Геополитика фантазма - между ландшафтом и территорией (М. Мамардашвили)

Поводом к разговору о том, какие тексто- и смысло-генетические конфигурации приобретает концептуальный мотив «Россия» в философии М. Мамардашвили, в значительной .мере послужила работа С. Агафонова «Позиция Чужого в текстах Мамардашвили»180, в которой была предпринята попытка анализа «травматического ядра» (как био-графического, так и собственно философского плана) организации дискурса философа. И хотя проводимый здесь разбор скорее полемичен по отношению к указанному тексту, искреннюю признательность автору я считаю необходимым высказать.
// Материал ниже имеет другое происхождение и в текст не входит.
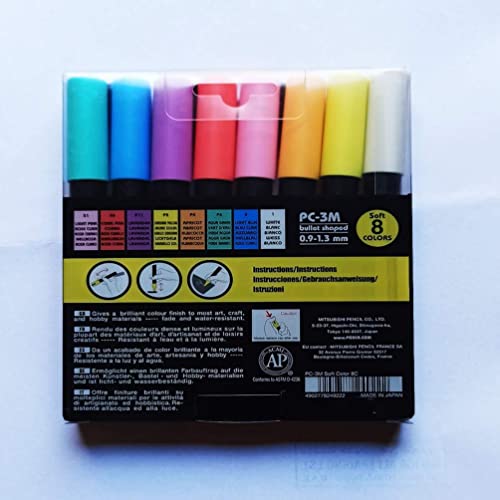 Uni Posca Markers PC-3M, Bullet Shaped 0.9mm to 1.3mm Set of 8 Soft Colors - WoodArtSupply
Для прояснения статуса геополитического фантазма - так мы предлагаем обозначить «травматическое ядро» философии Мамардашвили - следует предварительно фиксировать различие ландшафт/территория. Различие, представляющееся кардинальным: если ландшафт (в законченном виде - у позднего Хайдеггера, хотя и не только у него) рассматривается как то, что задает топологию мысли, держащейся своего места и постольку - у-местной, то территория, в противоположность этому, выступает для мысли препятствием как чем-то принципиально непроходимым. Другими словами, ландшафт объемлет мысль, позволяя ей состояться как событию, в то время как территория либо откладывает это событие во внешнем, либо фальсифицирует его изнутри: территориальный differance иррефлексивен, вследствие смещенного характера субъекта относительно интеллигибильности собственного содержания; а внутренняя фальсификация дискоммуникативна, поскольку рассыпает всю языковую эйдетику. Итак, территориальные языки и территориальные тела (и в этом их отличие от ландшафтных тел и ландшафтных языков, которые всегда могут быть прочитаны в терминах бытийного поэзиса) образуют разъем внутри связного дискурса, какой бы характер связи последний ни обнаруживал: в отношении территории-как-препятствия мысли невозможно высказываться предметно, но проблематичным в такой ситуации представляется и поэтическое высказывание, которому больше нечего собирать (legein).

Альтернативное описание «территориальной дистрибуции» — уже не когитального или дискурсивного, но физикалистского формата - может быть выполнено в терминах «первичной инъекции порядка». Под вопросом оказывается именно ее первичность, которая предполагает операцию приостановки индифферентного: «Бытие немыслимо без конституирующего его творческого акта изъятия или освобождения места (курсив мой. - Н. Г.). Если вдуматься, чего была лишена лишенность или материя, как ее понимали Платон и Аристотель, мы вдруг обнаружим, что прежде всего она была лишена различий. Ветхозаветный термин, применяемый для обозначения дотворческого состояния мира -«тоху-боху», означает, по сути дела, неразделенность воды и песка, а в переносном смысле - «ни то, ни се».